As I write, Andy Tudor is putting together the finishing touches to our front cover which will be released on National Libraries’ Day (8 February). Subsequent chapters will then follow on a monthly basis. The front cover will come with some basic instructions on how to either ‘read’ or ‘play’ Dawn of the Unread so that users are comfortable with the set-up and we can get a little feedback if we need to make any tweaks.
Releasing the chapters monthly may ‘kill’ a little of the immediacy associated with reading but it’s a necessity to ensure we are able to create content in time. With letterers, colourists, computer coding and various other embedded content involved, this is a complex baby that requires time. But it is also a reading project with set tasks, so a month enables readers to fulfil various tasks to ensure that they can properly engage. It also means we’re drawing on that great tradition of the ‘serial’, the format that teased the readers of Dickens and Conan Doyle.
Andy Tudor is our cover artist and will also be working with Paul Fillingham on the production and design of the physical book. Having seen Andy’s illustrated childrens’ picture books for Usborne, I know this is going to be a thing of absolute beauty. In addition to designing the front cover, Andy will also be producing 12 illustrations for a specific location related to each of our literary figures. These will appear in the digital versions and as inserts in the book. This is not something I budgeted for but it had to be included as it enables Andy to stamp his identity on the project, something I encourage with all contributors.
Last year Andy did illustrations to accompany an app called Dragon Run Saga, a fantasy adventure serial in audio form featuring vampires, goblins and necromancers. He’s also working on artwork for another app that aims to encourage young people to get into creative writing and storytelling. Andy is part of the ‘Storia’ creative team which aims to develop ‘storyworlds’ that work in different media. One example of this is Spacers, which is set on a future Mars colony, featuring a group of kids and their adventures. It’s the biggest body of work he’s done for one project so far and includes characters, vehicle design and environments. Given we are producing content across media platforms and also hope to find ways to encourage people to read, Dawn of the Unread is a home from home for Andy and I’m hoping the contacts he makes with Paul Fillingham and other members of the team will lead to future collaborations.

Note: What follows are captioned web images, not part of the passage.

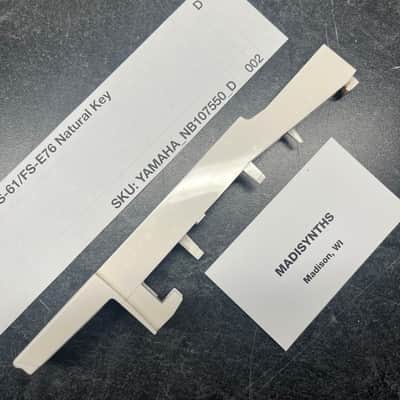 ORIGINAL Yamaha/Korg Replacement D Key (NB107550) for Yamaha DX7/DX5/DX9, SY77/SY85/SY99, Korg M1, Wavestation, Z1, etc image 2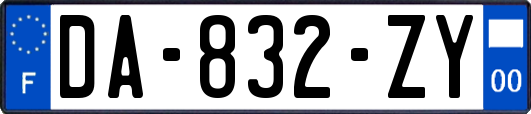 DA-832-ZY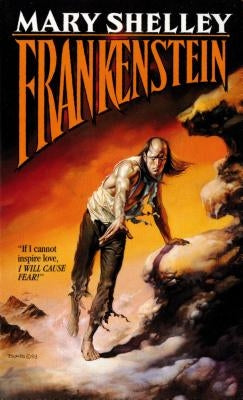 Frankenstein by Shelley, Mary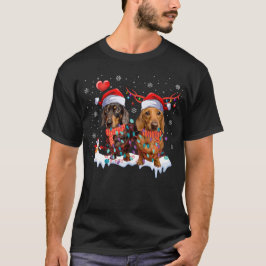 Allt jag vill ha i jul är min hund t shirt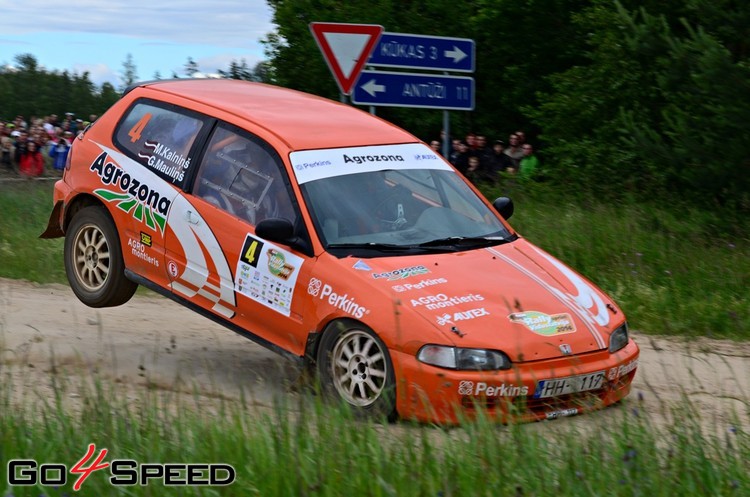 Rallijsprints "Viduslatvija"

But the main reason Andy is designing our cover is because of his current fascination with depicting urban landscapes. “In these real or imagined places my intent is to capture a sense of building and structure, and the life within. The images are large and involved, and I love the idea that the layers of visual information slowly reveal the detail and reward the viewer who spends time in front of the picture” he said.

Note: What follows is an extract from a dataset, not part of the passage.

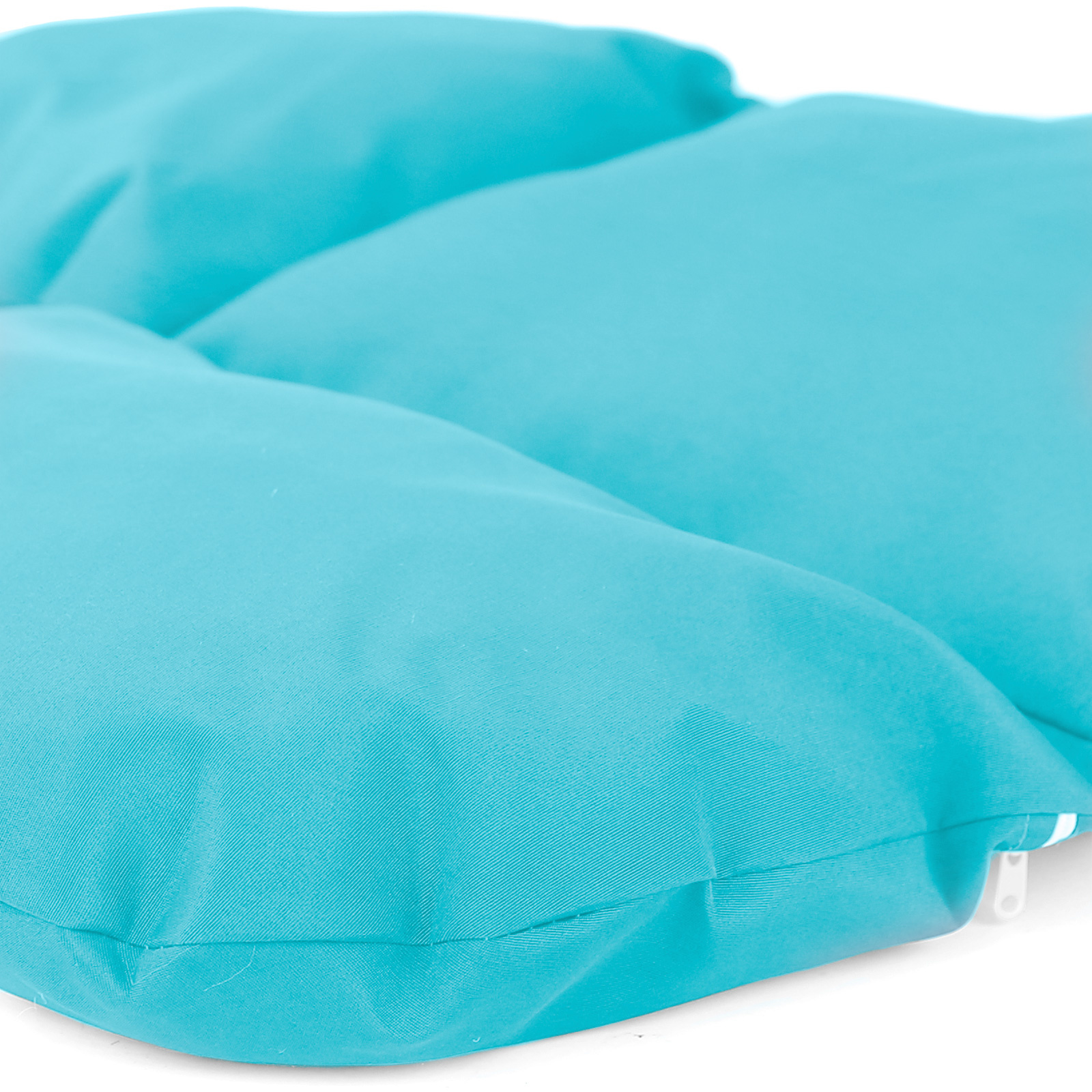 Kussen voor hangstoelmand incl. rugdeel 2-delige set style turquoise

One of his most recent pictures was selected as one of the top 50 in the Serco prize for Illustration competition run by the Association of Illustrators and is being exhibited in Covent Garden from February to April. It tells the tale of the infamous barber Mr Sweeney and his pie-making friend Mrs Lovett. I have asked Andy to recreate this with a Nottingham theme, to tap into the real locations and the folklore of our 12 featured literary figures. From what I’ve seen so far I think it’s one of the most beautiful pieces of artwork I’ve ever seen and I’m absolutely humbled to have DOTU associated with his work.
- Something new to share (storia-creative.com)
- Usborne Books for Schools (usborne.com)
- A Marvelous Way to Tell a Difficult Story (howtobeachildrensbookillustrator.wordpress.com)
- 10 Beautifully Illustrated Children’s Books Made for the iPad (hongkiat.com)
- Serco Prize for Illustration 2014 – the selection (theaio.com/blog)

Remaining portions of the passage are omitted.